With the improvement in oil and gas prices, it’s no surprise that energy stocks returned to outperforming the market in the third quarter. However, with less than 15% of our energy coverage undervalued, investors are clearly underwriting a higher-for-longer oil price scenario and have already assumed poor gas market conditions in 2023 and 2024 will reverse over the long run.

Stronger Oil and Gas Prices Prompted a Surge In Energy Stocks

Stronger Oil and Gas Prices Prompted a Surge In Energy Stocks
Source: Morningstar. Data as of Sept. 25, 2023.

Natural gas prices in the U.S. (Henry Hub), Asia (JKM), and Europe (TTM) improved significantly from the prior quarter, with respective increases of 35%, 45%, and 28%. We see this primarily as a risk-on trade, as investors are more concerned about the potential for Australian liquefied natural gas strikes, disruptions to U.S. LNG supply, and the prospects for a colder-than-normal winter than they are with sizable gas consumption declines in the European Union. A very warm U.S. summer helped U.S. gas inventories, given the increase in power demand.

The Energy Space Looks Fairly Valued Across All Subsectors

The Energy Space Looks Fairly Valued Across All Subsectors
Source: Morningstar. Data as of Sept. 25, 2023.

Global oil prices have increased by 20% (WTI) and 27% (Brent) since the prior quarter. We attribute this mainly to the actions taken by Saudi Arabia and Russia to tighten the oil market over the last few months, driving a large supply deficit. The countries’ repeated extensions of about 1.3 million barrels of oil per day in cuts indicate concerns over the sustainability of China’s oil demand (the majority of global oil demand growth this year), increased Iranian supply, and the need to fund significant social spending efforts.

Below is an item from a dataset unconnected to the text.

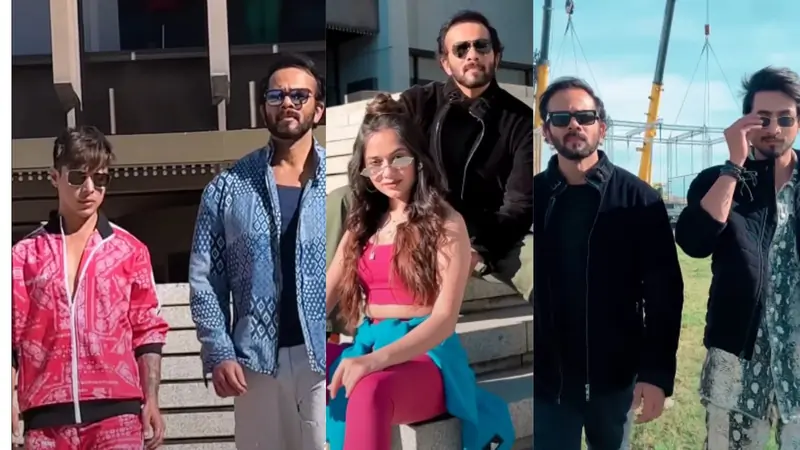 Pratik, Jannat and Faisu with Rohit Shetty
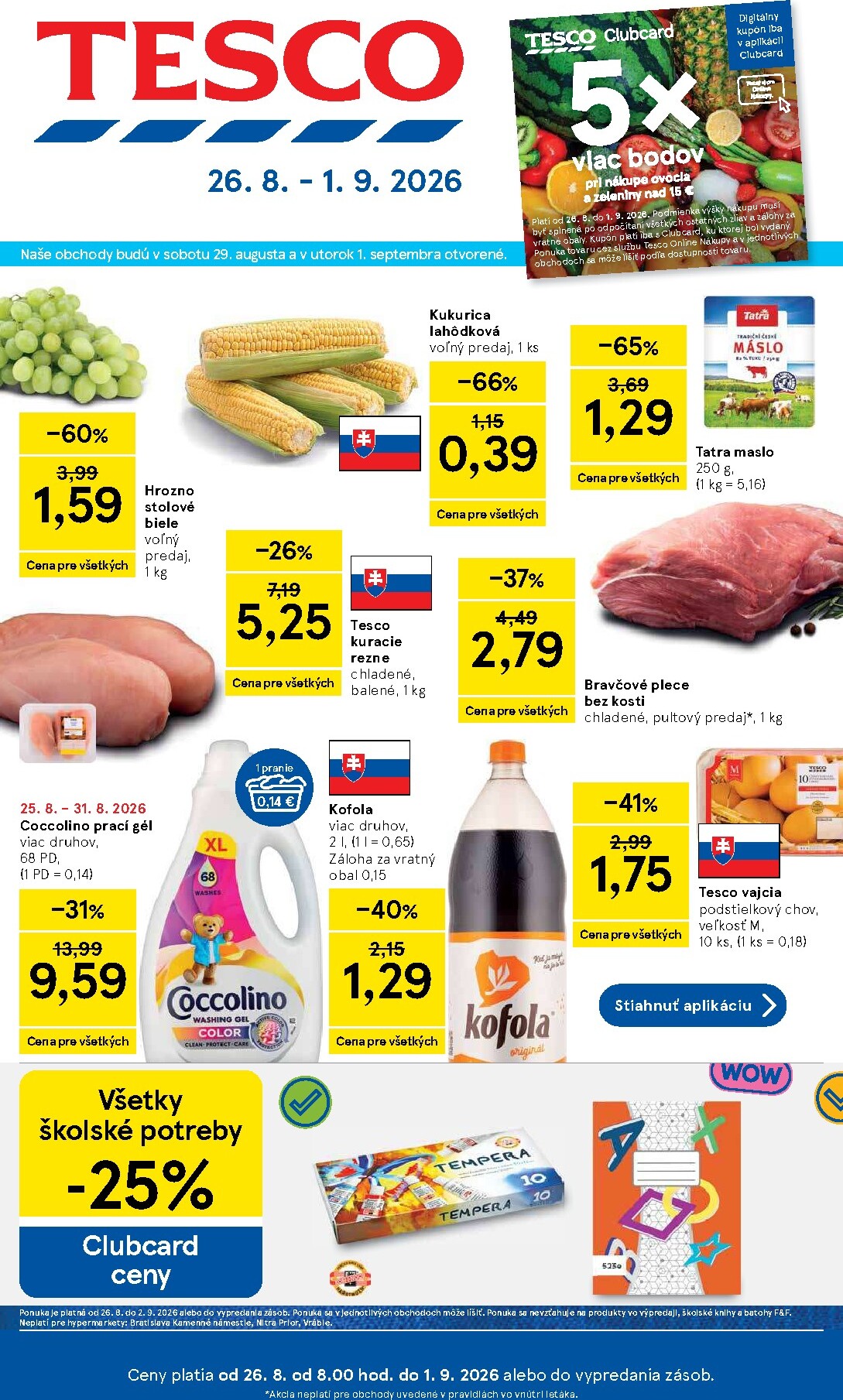 tesco - Nový Tesco leták od stredy, 26.08.2026 do utorka, 01.09.2026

However, we also think the extensions were timed to sow additional market uncertainty around short-term supply, maximizing near-term oil prices.

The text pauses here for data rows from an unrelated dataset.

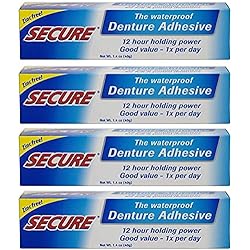 Secure Waterproof Denture Adhesive - Zinc Free - Extra Strong Hold For Upper, Lower or Partials - 1.4 oz Pack of 4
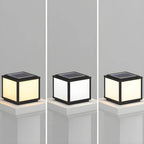 Lampes solaires d'extérieur cubiques en métal noir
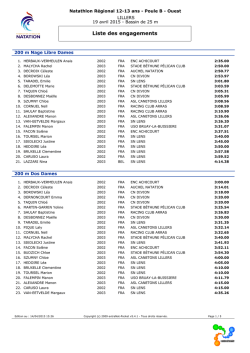 Liste des engagements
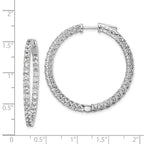 FJC Finejewelers 925 Sterling Silver Rhodium Plated CZ In and Out Hinged Hoop Earrings 36 x 36 mm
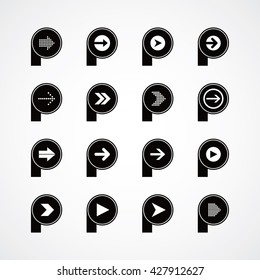 arrow media play icon theme logotype vector art illustration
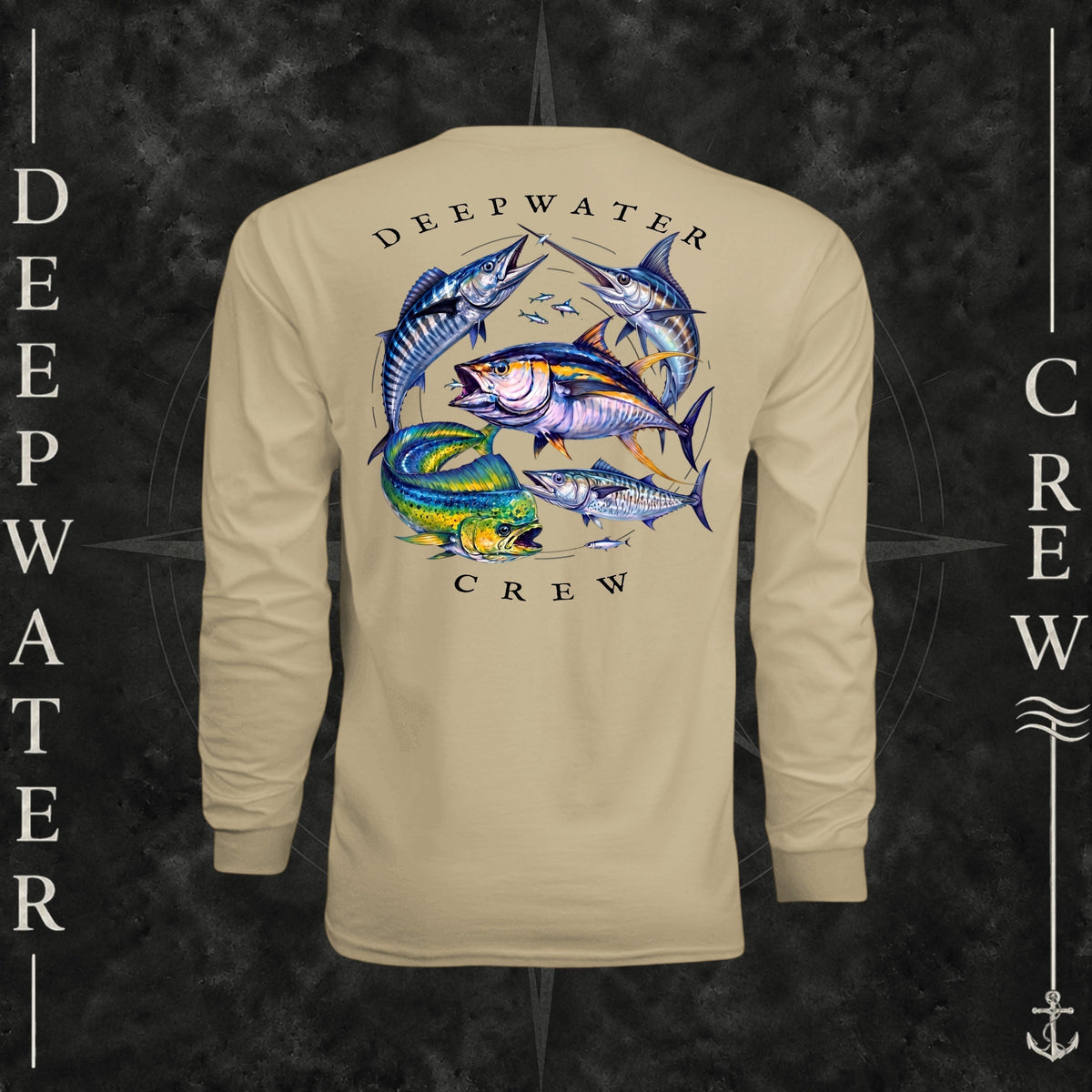 Sand Deepwater Crew Co. Bluewater Strike UPF 44+ long-sleeve performance shirt, back view with large colorful pelagic game fish collage and Deepwater Crew lettering.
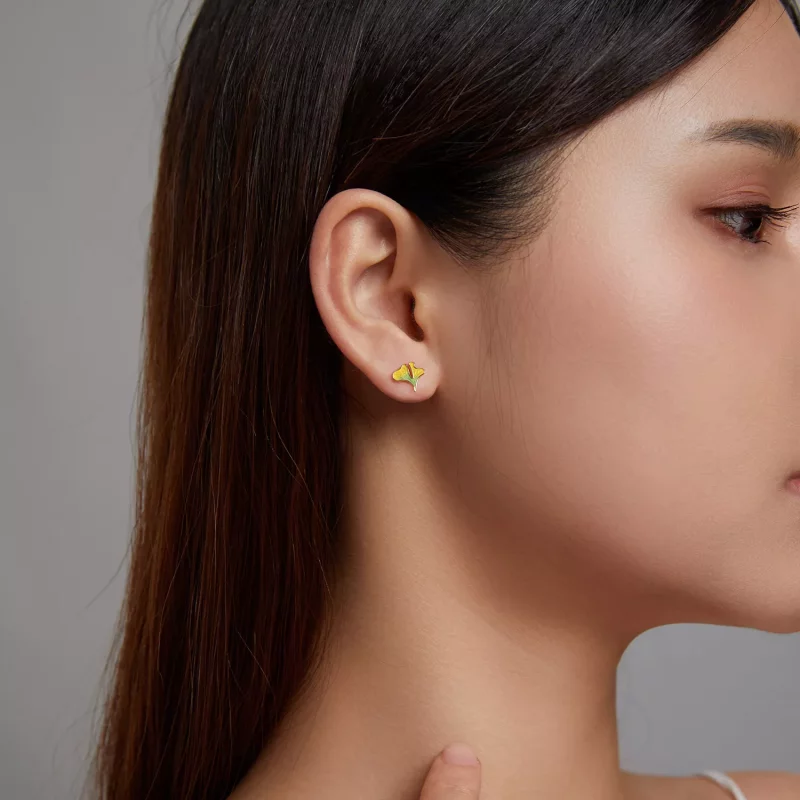 (afbeelding voor) Pandora Style Herfst - Ginkgo Biloba Oorknopjes - SCE1247 - Bekijken 5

The Oil Market Will Be Short of Supply for the Rest of 2023

The Oil Market Will Be Short of Supply for the Rest of 2023
Source: EIA. Data as of Sept. 12, 2023.

Since June, Saudi Arabia and Russia have extended their respective monthly supply cuts of 1 million bpd and 300,000 bpd to the end of 2023. These cuts were initially described as temporary, but they have been repeatedly extended, to the market’s surprise. The extension and steep earlier cuts from the rest of OPEC have pushed the market into what is likely one of its biggest supply deficits in the last decade, with at least a 2.3 million bpd shortage expected for the third quarter. Inventory has declined by nearly an estimated 60 million barrels since the start of 2023, and it remains well below five-year averages. Ongoing declines are a near certainty given the size of the supply deficit, which will require barrels from storage.

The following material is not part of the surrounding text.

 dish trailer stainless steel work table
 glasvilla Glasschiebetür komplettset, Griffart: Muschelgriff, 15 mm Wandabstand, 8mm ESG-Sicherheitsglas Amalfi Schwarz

OECD Inventory Will Continue to Decline to Meet Supply Gap

OECD Inventory Will Continue to Decline to Meet Supply Gap
Source: OPEC. Data as of Sept. 12, 2023.

Top Energy Sector Picks

Devon Energy

A high-quality inventory and cost-focused management team make Devon DVN one of our top picks. Its exemplary management team allocates capital very well in an industry that has cost shareholders billions of dollars. For example, we are fans of its variable capital return model. After 50% of free cash is distributed, the remainder will fund buybacks and strengthen the balance sheet.

TC Energy

TC Energy TRP is dealing with multiple investor concerns: too-high debt, lingering worries over Coastal GasLink overruns, and skepticism over the planned 2024 liquids spinoff. In contrast, we think the planned CAD 5 billion-plus sale in process, plus another CAD 3 billion in additional sales and CAD 1 billion in optimization opportunities, provide plenty of capital to reduce debt. We see Coastal GasLink as 91% complete, and TC management has emphasized its confidence in meeting its schedule and budget. Finally, we see the liquids spinoff as highlighting the quality and growth opportunities available in the gas and power portfolios, including carbon capture and hydrogen.

Equitrans Midstream

With the path forward now clear for Equitrans’ ETRN Mountain Valley Pipeline, we continue to think the company’s stock is undervalued, as investors are no longer pricing in the cancellation of the pipeline but are also not fully reflecting its contributions. We think Equitrans will likely bring online the related Hammerhead and MVP Southgate (Equitrans owns 47% via a joint venture) projects. Combined, these efforts should increase EBITDA by about 30% from 2023 levels.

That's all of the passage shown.